7. Stop here. You may continue and deploy to ACI from this notebook, but we will cover deployment in the afternoon.
13:00-14:50 Distributed training with Horovod on AML Compute, explore AML Workspace
1. Open sample notebook distributed-pytorch-with-horovod.ipynb under how-to-use-azureml/training-with-deep-learning/distributed-pytorch-with-horovod (find this notebook from your notebook environment)
2. Run all: consider using 4 nodes when available instead of 2 as node_count.
3. Questions and answers, or proceed to the next step.
15:00-16:50 Create container images, deploy to Azure Container Instance (and/or Azure Kubernetes Service)
1. We will continue from morning's sample, train-hyperparameter-tune-deploy-with-keras.ipynb.

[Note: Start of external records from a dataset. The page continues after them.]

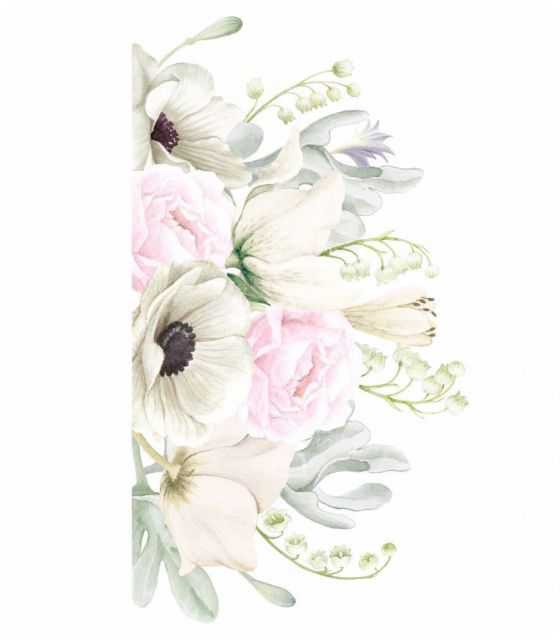 Kwiaty Kompozycja - Naklejki Na Ścianę, Naklejki Ścienne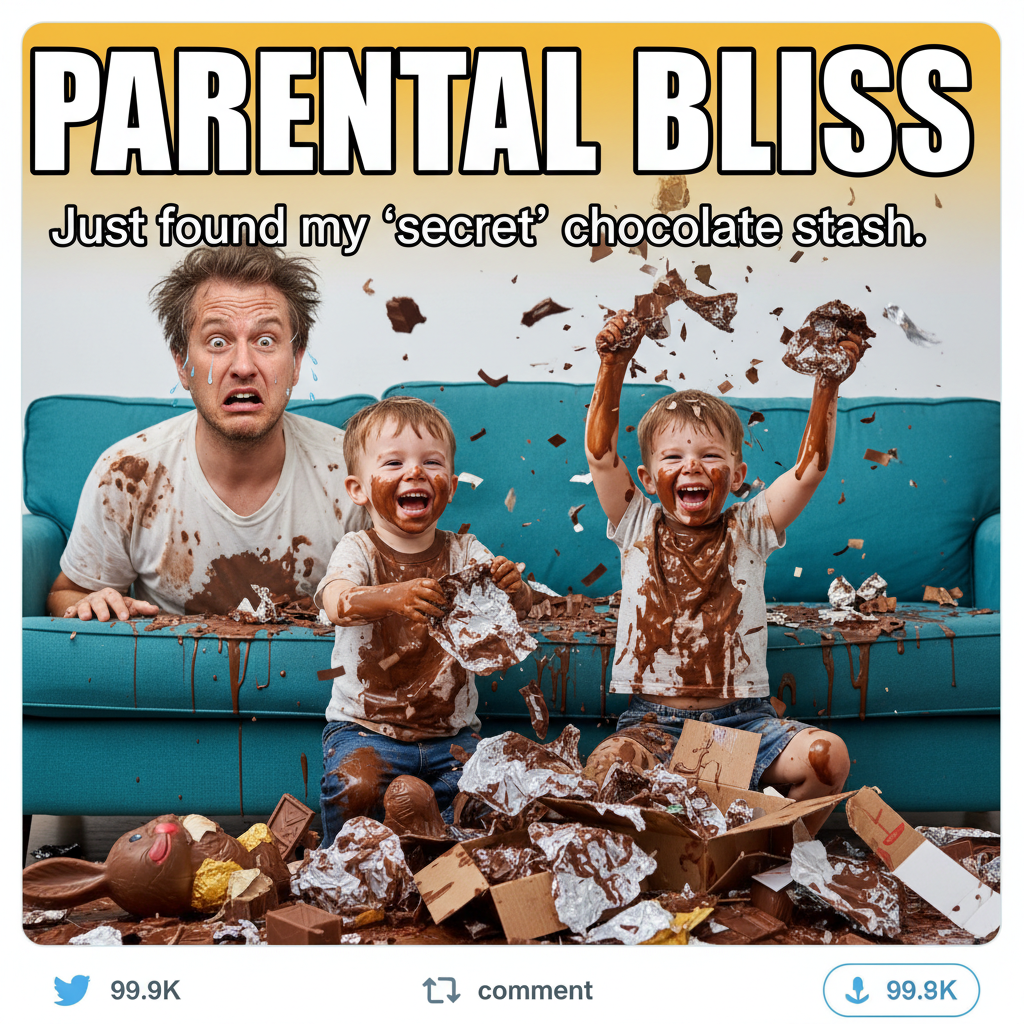 My kids just found my 'emergency chocolate' stash. Send help. And more chocolate.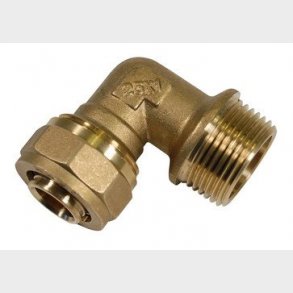 Unite vinkel kompression 90&deg; PN6 20 mm x 12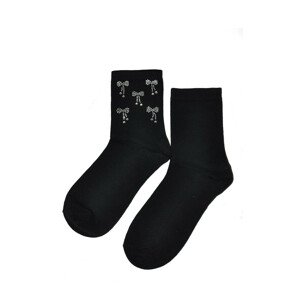Dámske ponožky Magnetis 71 Zirconia Bow 21/22 biela univerzálny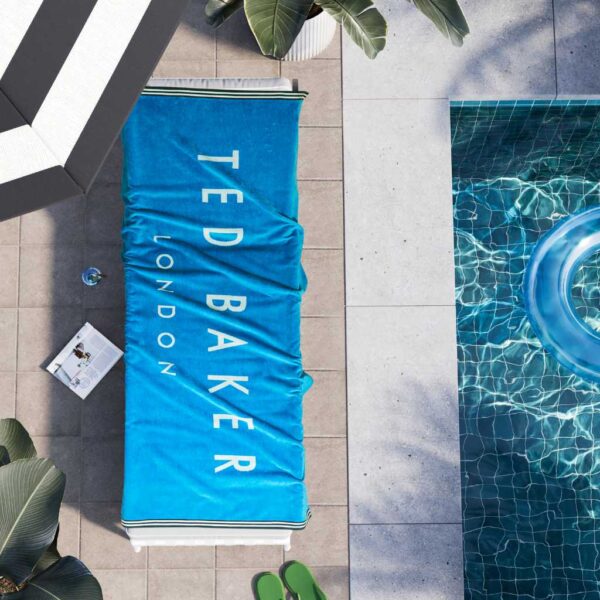 Ted Baker Logo Beach Towel Blue
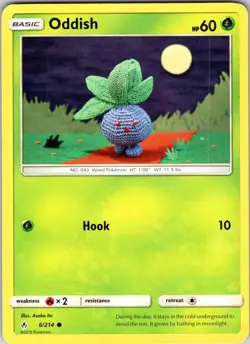 Oddish (6) 6/214 SM - Unbroken Bonds Pokemon TCG NM Normal - Image 1
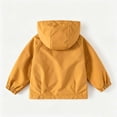 thumbnail image 4 of Agkizg Boys Waterproof Hooded Zip Up Jacket Lightweight Outdoor Casual Fall Coat, 4 of 4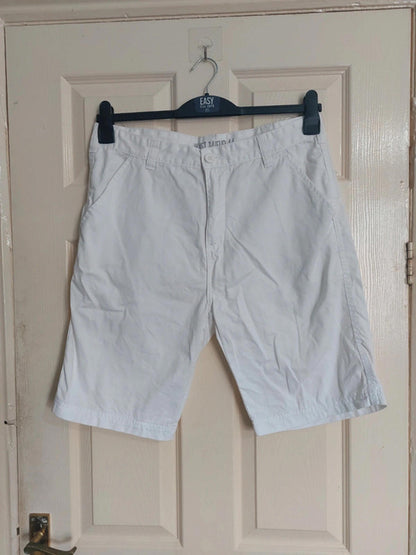 White cotton shorts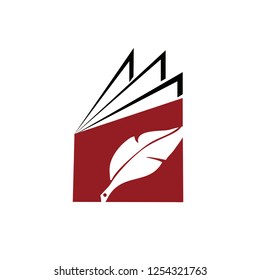 feather pen logo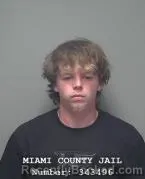 Mugshot of BRAYDEN S DANIELS booked in Miami County, Ohio on April 2, 2026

Open the notebook, and run the latter part, creating container image and deploying to ACI.
2. Explore Workspace from Azure Portal.
3. Refresh the concepts of MLOps from concept-model-management-and-deployment
- If time permits, try below contents in addition:
  - Build 2019 updates: New Azure Machine Learning updates simplify and accelerate the ML lifecycle
  - visual-interface (preview)
  - automated ml with GUI (preview)
  - interpretability-explainability
  - onnx
  - fpga
  - pipelines
  - Enterprise Readiness
  - Distributed Training with SR-IOV
  - DeepSpeed
  - Model Inference Optimization (private)
  - custom vision
- Running AML SDK on Azure Databricks
  - Set up Azure Databricks using this guide
  - Create a cluster, and import the sample notebook.
  - Install azureml-sdk[automl_databricks] if needed.
  - Run samples.
    - For Automated ML sample, set max_concurrent_iterations to the number of worker nodes.
- And check out MLOps. This will be covered in Day 3, but will be good if we can get familiar with key concepts earlier.
17:00-17:50 Questions and answers